第二章微光与暗流
苹果事件后的两天,是周末。李致远的生活似乎并无不同。他依旧在清晨六点半醒来,听着广播里关于国企改革的模糊新闻,就着咸菜喝完小米粥,然后骑车穿过冷清的街道去学校上自习。父亲加了一个全天班,母亲在缝纫厂赶工,家里静得能听见暖气管道里水流呜咽的声音。
周一早晨,他走进教室时,下意识地朝林晚晴的座位瞥了一眼。她已经在低头看书,侧脸安静,马尾松松地扎着,鹅黄色的毛衣领口露出一截。似乎感受到了目光,她抬起头,恰好与他对视。没有预想中的尴尬或俏皮,她只是很浅地笑了一下,点了点头,随即又低下头去,仿佛那半个苹果的“抢劫案”从未发生。
李致远心里那点说不清的期待,轻轻落了空。他走到自己座位,放下书包。手指触到抽屉里一个硬硬的、略带弧度的东西。他顿了顿,伸手进去,摸出一个用天蓝色闪星彩纸包着的物件,方方正正,系着银色的细丝带。彩纸在北方冬季干燥的空气中,发出轻微的窸窣声。
他坐下来,在早读课开始前的嘈杂声中,小心地拆开。里面是一个大大的红苹果,色泽鲜润,个头比他那天那个还大些。苹果上贴着一张浅黄色的便签纸,上面是清秀而不失力道的小字:
“礼尚往来。昨天谢啦!——林”
一个简单的冒号,一个俏皮的波浪线。李致远捏着那张便签纸,看了好几遍。指尖似乎能感受到写字时笔尖的力度。他把便签纸小心地对折,夹进了常用的物理竞赛习题集里。那个苹果,他舍不得吃,放在课桌抽屉最里面,靠着冰冷的铁皮。偶尔伸手进去拿书,指尖碰到那光滑微凉的表面,心里会蓦地静一下,又泛起一丝微澜。

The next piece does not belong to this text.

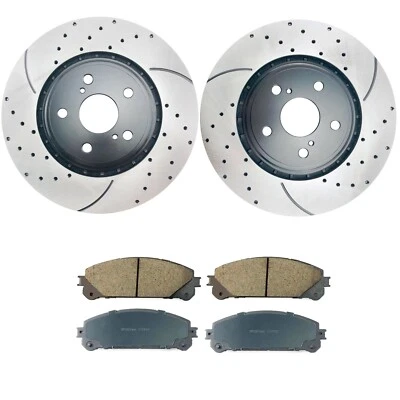 Front Drilled Brake Rotors & Ceramic Pads for 2011 2012 2013-2017 Toyota Sienna - Imagem 1 de 4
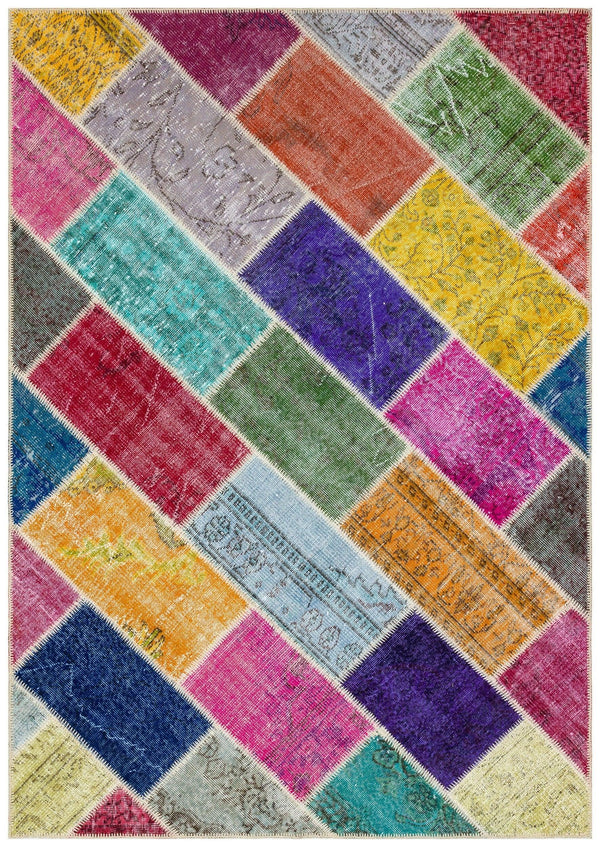 Bej Anadolu Modern Vintage Yün Halı 162x228 - Özel Seri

物理课上,讲到电磁感应。老师用枯燥的声音念着:“闭合导体在磁场中做切割磁感线运动,会产生感应电流……”李致远目光掠过黑板上的公式,不由自主地飘向斜前方。林晚晴坐得笔直,正认真记着笔记,偶尔蹙眉思考,鼻尖在冬日透过窗玻璃的稀薄阳光下,显得有点透明。她的手腕很细,随着写字轻轻移动。他忽然想到,切割磁感线产生电流,那么,人与人之间无形的“磁场”被某些偶然的动作“切割”,是否也会产生某种看不见的“电流”,悄悄改变着什么?
下课铃响,他去讲台帮老师收拾仪器。往回走时,经过林晚晴的座位。她正和同桌女生讨论刚才的一道题,声音轻柔,带着点困惑。李致远脚步顿了一秒,几乎没经过思考,低声快速地说:“那道题的关键是洛伦兹力不做功,但改变电荷运动方向。”说完,他自己先愣了一下,耳根有点发热。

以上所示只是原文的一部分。